Background: The daughter of Irish immigrants who settled in Pennsylvania, Mary Elizabeth Lease was born in 1850. Her father and older brother were both killed when they served in the Union Army during the U.S. Civil War, and her widowed mother struggled to care for her. In 1870, Mary moved to Kansas to teach at a Catholic mission school, later married a druggist, and enjoyed a middle-class lifestyle for the first time in her life. Her family was plunged into poverty in the financial panic of 1873, and they moved to Texas and then to Kansas to start over. Mary became involved in social reform movements such as prohibition, woman suffrage, the labor movement, and the Populist Party. In the 1890s she campaigned all over the country for the Populist Party’s cause and candidates. Violating accepted decorum for women of the day, she became a nationally known fiery stump speaker, and a favorite target of those who believed a woman’s place was in the home. In June of 1896 alone, she delivered speeches in 17 different cities in Minnesota. She drew much criticism because of her forthright fearlessness on the public stage, but the vilification seemed to increase her strength. Emporia editor William Allen White, who disapproved of her political views, wrote “she could recite the multiplication table and set a crowd hooting and harrahing at her will.”

Wall Street Owns the Country; A Speech by Mary Elizabeth Lease (circa 1890)
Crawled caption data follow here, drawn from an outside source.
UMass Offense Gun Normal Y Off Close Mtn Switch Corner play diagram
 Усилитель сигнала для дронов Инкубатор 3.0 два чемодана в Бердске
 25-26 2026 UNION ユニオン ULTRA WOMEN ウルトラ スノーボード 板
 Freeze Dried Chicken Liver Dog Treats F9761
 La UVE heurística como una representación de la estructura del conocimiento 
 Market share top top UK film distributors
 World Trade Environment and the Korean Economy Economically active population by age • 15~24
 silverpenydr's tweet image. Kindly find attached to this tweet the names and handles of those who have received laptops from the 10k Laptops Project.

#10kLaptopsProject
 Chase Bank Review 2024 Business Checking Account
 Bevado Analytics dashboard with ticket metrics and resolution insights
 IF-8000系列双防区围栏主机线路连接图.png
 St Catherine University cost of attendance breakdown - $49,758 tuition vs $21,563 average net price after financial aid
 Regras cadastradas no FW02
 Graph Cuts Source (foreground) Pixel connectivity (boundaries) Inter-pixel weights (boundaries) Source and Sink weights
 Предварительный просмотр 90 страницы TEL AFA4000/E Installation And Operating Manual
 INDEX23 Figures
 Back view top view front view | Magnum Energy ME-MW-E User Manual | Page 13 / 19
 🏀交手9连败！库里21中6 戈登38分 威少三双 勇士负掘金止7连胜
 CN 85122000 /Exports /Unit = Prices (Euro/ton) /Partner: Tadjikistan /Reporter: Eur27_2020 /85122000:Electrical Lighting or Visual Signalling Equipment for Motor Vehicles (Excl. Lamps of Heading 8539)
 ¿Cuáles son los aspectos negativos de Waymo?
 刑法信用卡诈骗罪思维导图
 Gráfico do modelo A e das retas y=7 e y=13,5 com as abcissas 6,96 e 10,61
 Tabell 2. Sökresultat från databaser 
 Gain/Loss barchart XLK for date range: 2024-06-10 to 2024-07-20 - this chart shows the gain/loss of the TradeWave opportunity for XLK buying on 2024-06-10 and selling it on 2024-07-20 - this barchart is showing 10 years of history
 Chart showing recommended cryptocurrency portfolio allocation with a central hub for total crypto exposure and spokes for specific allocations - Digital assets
This is a nation of inconsistencies. The Puritans fleeing from oppression became oppressors. We fought England for our liberty and put chains on four million of blacks. We wiped out slavery and our tariff laws and national banks began a system of white wage slavery worse than the first. Wall Street owns the country. It is no longer a government of the people, by the people, and for the people, but a government of Wall Street, by Wall Street, and for Wall Street. The great common people of this country are slaves, and monopoly is the master. The West and South are bound and prostrate before the manufacturing East. Money rules, and our Vice-President is a London banker. Our laws are the output of a system which clothes rascals in robes and honesty in rags. The [political] parties lie to us and the political speakers mislead us. We were told two years ago to go to work and raise a big crop, that was all we needed. We went to work and plowed and planted; the rains fell, the sun shone, nature smiled, and we raised the big crop that they told us to; and what came of it? Eight-cent corn, ten-cent oats, two-cent beef and no price at all for butter and eggs-that’s what came of it. The politicians said we suffered from overproduction. Overproduction, when 10,000 little children, so statistics tell us, starve to death every year in the United States, and over 100,000 shopgirls in New York are forced to sell their virtue for the bread their niggardly wages deny them… We want money, land and transportation. We want the abolition of the National Banks, and we want the power to make loans direct from the government. We want the foreclosure system wiped out… We will stand by our homes and stay by our fireside by force if necessary, and we will not pay our debts to the loan-shark companies until the government pays its debts to us. The people are at bay; let the bloodhounds of money who dogged us thus far beware.

REVIEW QUESTIONS

  1. What are the main complaints of Mary Elizabeth Lease?
  2. Why do you think she attracted so much attention and criticism?
  3. In what ways are constitutional principles and essential virtues demonstrated? In what aspects of the events are they decidedly absent?